Dass es einen Unterschied zwischen Drachen und Krokodilen gab, war bekannt, aber als Wissen nicht unbedingt breit gestreut. Der Kölner Arnold von Harff stellte in den 1490er Jahren, als er auf einer großen Wallfahrt den Vorderen Orient bereiste, fest, dass ägyptische Händler am Ufer des Nils die Häute von Krokodilen trockneten, um sie nach Europa als Drachenhaut zu verkaufen. Er war empört - weil er auch auf diese Fälschung hereingefallen war.
Ähnlich wie Drachen waren auch Einhörner symbolträchtige Tiere, wenngleich die vielen Einhörner aus Plüsch heute anderes denken lassen.
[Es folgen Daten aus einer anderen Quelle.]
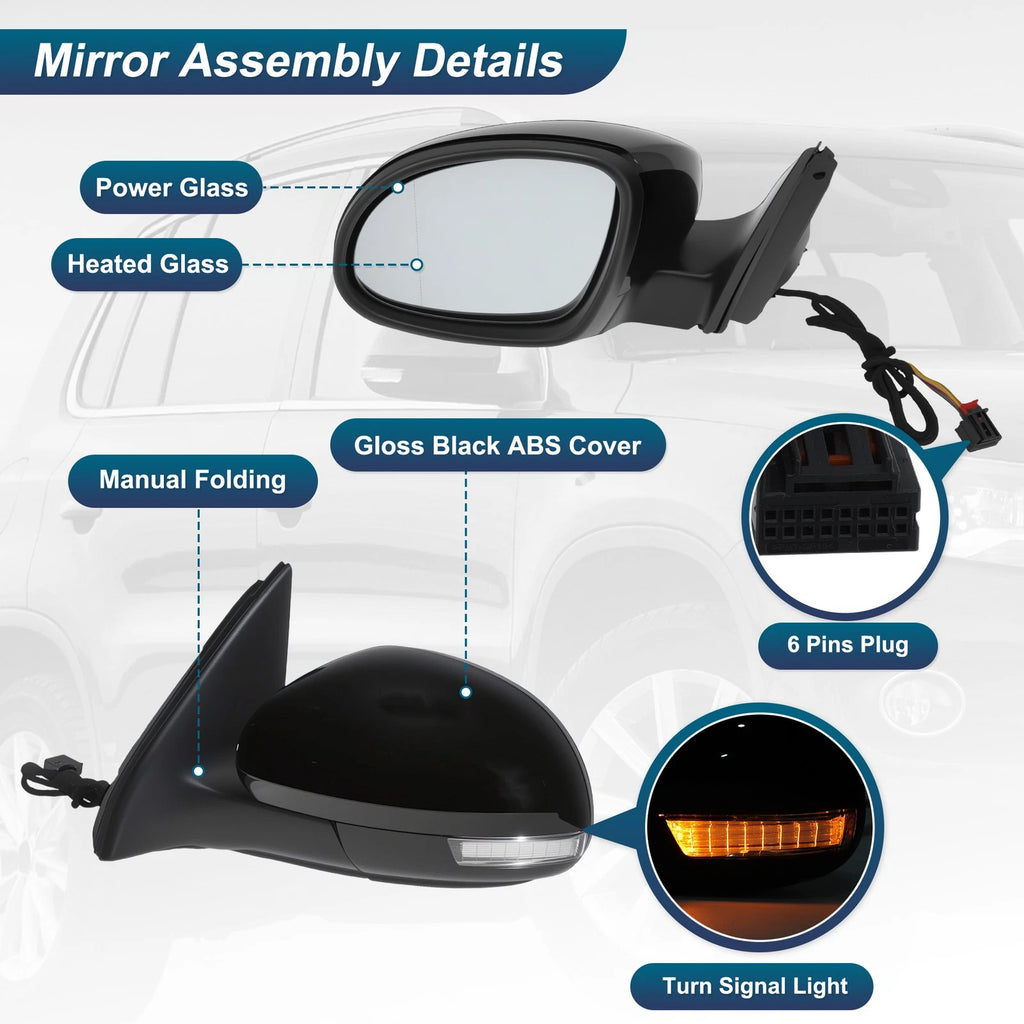 Left Side Mirror Assembly for Volkswagen Tiguan (2009–2018) w/ Turn Signal 1320131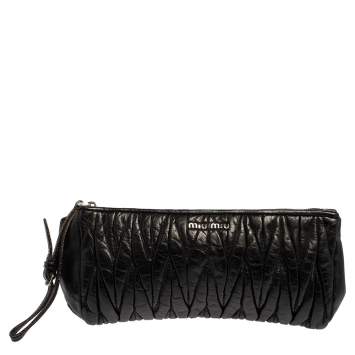Pre Owned Miu Miu Black Matelassé Leather Clutch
Der Dominikaner und Naturforscher Thomas von Cantimpre (1201-1270 oder 1272) setzte im Rückgriff auf überlieferte Erzählungen das Einhorn mit Christus gleich und erklärte, nur eine Jungfrau wie die Jungfrau Maria könnte es besänftigen.
Aus den Kirchen in die Wunderkammern der Fürsten
Der Gelehrte wollte mit diesem Gleichnis die Freuden der Jungfräulichkeit vermitteln und verwies auf ein Einhorn-Horn in einer Kirche im heute belgischen Brügge. Fakt ist, das die allermeisten Einhorn-Hörner Zähne des arktischen Narwals waren. Die spiralige Form des Narwalzahns als Einhorn-Horn machte Schule - bis zum heutigen Tag, sagt Philippe Cordez und weist auf das Einhorn-Tattoo von Lady Gaga hin.
Was man sonst noch in mittelalterlichen Kirchen bestaunen konnte? Straußeneier beispielsweise. Der franziskanische Gelehrte Bartholomäus Anglicus berichtete in den 1240er Jahren in seinem "Buch von den Eigenheiten der Dinge": "Man hängt sie in den Kirchen als Ornament auf, wegen ihrer Größe und Seltenheit." Aus den Eiern stellte man zudem - wie auch aus Kokosnüssen - Trinkgefäße für Fürsten oder Reliquiare her, um darin den himmlischen Juwelen einen ihrem Wert angemessenen Platz zu bereiten.
Ende des 16. Jahrhunderts kündigte Kardinal Gabriele Paleotti (1522-1597) an, sich in einem noch zu schreibenden Buch Gedanken darüber zu machen, ob "Rüstungen, Standarten, Galeeren, Krokodilen, Hirschgeweihen, Pelikanen, Straußeneier, fremdartigen Tieren und solcher Art" als Schmuck für Kirchen geeignet wären. Bereits zu dieser Zeit fanden solche Objekte nicht mehr den Weg in die Kirche sondern bevorzugt in die Wunderkammern der Fürsten und Gelehrten, aus denen später die Museen hervorgingen. Am Anfang stand jedoch das Krokodil in der Kirche.